A good forage radish cover crop can replace the need for early spring tillage before vegetables like spinach, beets, peas, and even carrots in some soils. Unlike high-residue cover crops like rye, forage radish winterkills and melts away in spring, leaving a warmer, dryer seedbed that is enriched with nutrients. When no-till seeding after forage radish works, it works incredibly well. When it doesn’t work, it is often a result of inadequate forage radish growth in fall or poor soil quality (poor aggregation, for instance). Soil temperature may also play a role, as tillage does increase soil temperatures.
Highly variable results seems common with many reduced tillage strategies, and it can be frustrating. Here we hope to share some of the requirements for success and common reasons for failure with no-till seeding early vegetables after winterkilled forage radish.
We have tried other low-residue winterkilled cover crops, such as phacelia, that might serve the same cover cropping niche, but cover crops with low-residue that rapidly decompose and suppress spring weeds are not easy to find! Therefore, although there are encouraging signs that other cover crops might work for this purpose, we don’t have enough experience or data to recommend other cover crops for this system yet.
You can read the scientific publication of our research in Maryland (though we recommended checking out this website for more information and, importantly, pictures!).
Lounsbury, N.P. and R.R. Weil. 2014. No-till seeded spinach after winterkilled cover crops in an organic production system. Renewable Agriculture and Food Sytems.
We also had success with some experiments in Maine. Updates on no-till spinach and carrots in New England can be found in these blog posts:
From small seeds to big roots: no-till organic carrots in Maine (July 28, 2014)
No-till in New England: spinach results and carrots sneak peak (June 30, 2014)
No-till vegetables in New England (June 9, 2014)
The keys to this system are:
1. Early forage radish seeding for weed suppression.
The mechanism of weed suppression by forage radish is light exclusion by the rapidly growing canopy. If you want to know the details, you can read the scientific paper by Lawley et al. They determined that in Maryland, spring weed suppression dramatically declines if forage radish is seeded later than the first week of September. The required seeding time for adequate cover crop growth to suppress spring weeds in colder climates/further north is likely earlier. In Maine, experience tells us that the last week of August is too late to get adequate spring weed suppression.
2. Adequate fall radish growth and even stands.
Growth can be hindered if there is not enough residual fertility (radish scavenges nutrients, but if nutrients aren’t there, it can’t scavenge enough for full development), conditions are too wet (radish does not like “wet feet” and will not grow well in very wet soils), or there are insufficient crop stands. Insufficient crop stands can occur with seeding that is either too heavy (resulting in competition between plants) or too light (resulting in bare patches). Drilled seeding rates are 6-9 lb/acre, and broadcast seeding rates are 8-14 lb/acre, depending on desired density and conditions. All of our experiments were done at 9 lb/acre, but it is certainly possible to get good stands with lower rates.

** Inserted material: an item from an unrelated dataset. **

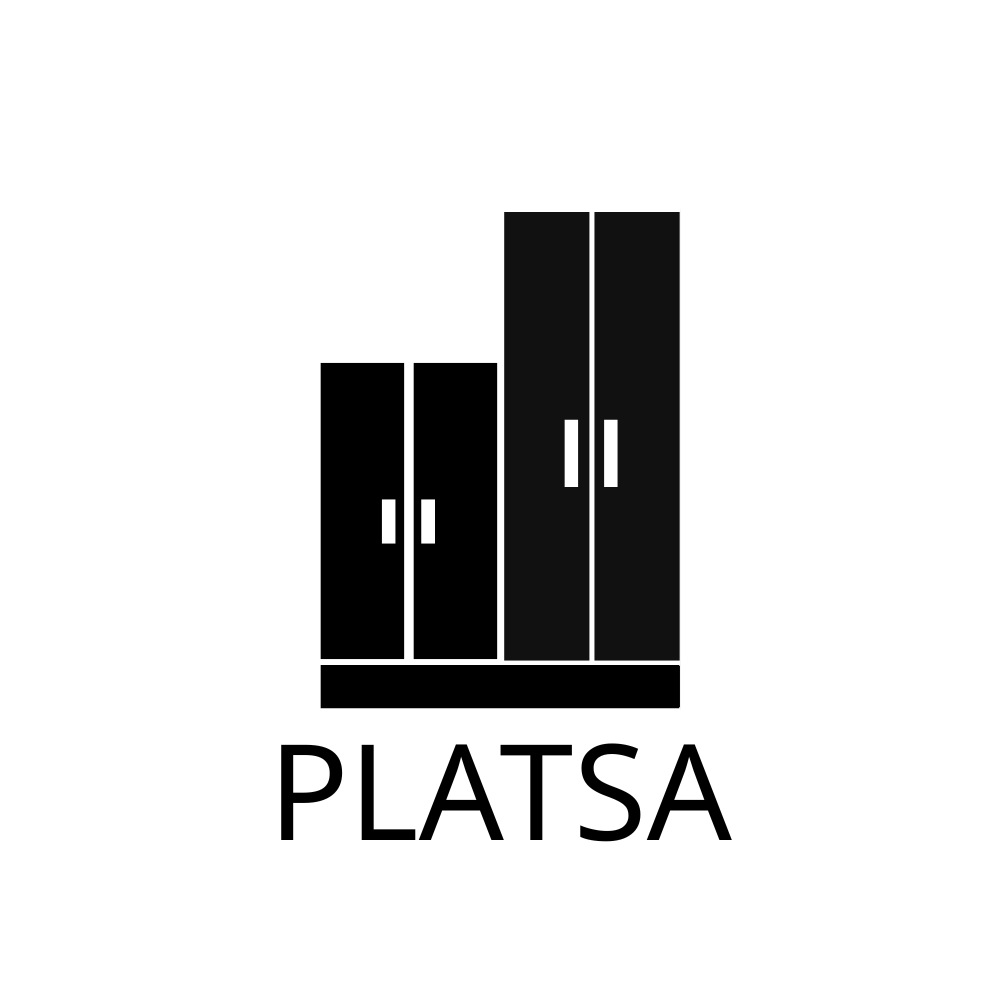 Fronty do systemu IKEA PAX - Ogony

For seeding with small-scale equipment (including an Earthway), see this factsheet. Radish generally establishes quickly and easily, but some care should always be taken in seeding cover crops- just like one would take care in seeding cash crops- to ensure good seed-soil contact. In dry falls, irrigating the radish (no, that’s not crazy!) can make the difference between a great cover crop stand that will facilitate no-till in spring and a very poor cover crop stand that provides few benefits.
3. Adequate soil structure in spring for cash crop growth
In poorly aggregated (often low organic matter) soils, rainfall can quickly compact soil or lead to soil crusts and capping. All of these can restrict cash crop growth. In these situations, tillage may be necessary to create a seedbed to support crop growth. Experimentation on your farm will determine if your soils can support no-till.
4. Effective spring seeding equipment. Forage radish leaves very little “residue” on the soil surface in spring, which means that under some conditions, it is possible to seed no-till even with simple push seeders. Radish “carcasses” may get in the way, but can be easily moved out of the way.
Larger seeders with double-disk openers or coulters have no trouble with radish residue.
Check out these videos on seeders:
Precision seeder no-till seeding into forage radish residue:
Can push seeders plant into an untilled seedbed?
Monosem seeder no-tilling into forage radish “residue”
5. The right spring crop. We have had a lot of success with spinach, and farmers have had success with peas and beets. At least one farmer reported that carrots didn’t work very well, but we had some success with no-till seeding carrots after forage radish in a sandy soil in Maine. There may be delayed maturity of some crops with the no-till seeding. We experienced this with some lettuce trials. The variability in results goes to show that every farm and every season is different, and the only way to find out if it will work on your farm is to try. Just remember to have “control” plot for comparison!